**WORK ORDER**
Each record is to be printed exactly as given, down to the last mark.

**Recorded data**
▶

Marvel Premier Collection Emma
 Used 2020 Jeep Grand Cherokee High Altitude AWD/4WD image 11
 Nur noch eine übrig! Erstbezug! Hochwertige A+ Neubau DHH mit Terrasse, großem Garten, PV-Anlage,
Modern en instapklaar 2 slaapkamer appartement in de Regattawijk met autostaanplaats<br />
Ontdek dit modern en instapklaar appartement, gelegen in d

◀

**RESPONSE BELOW**
Marvel Premier Collection Emma
 Used 2020 Jeep Grand Cherokee High Altitude AWD/4WD image 11
 Nur noch eine übrig! Erstbezug! Hochwertige A+ Neubau DHH mit Terrasse, großem Garten, PV-Anlage,
Modern en instapklaar 2 slaapkamer appartement in de Regattawijk met autostaanplaats<br />
Ontdek dit modern en instapklaar appartement, gelegen in d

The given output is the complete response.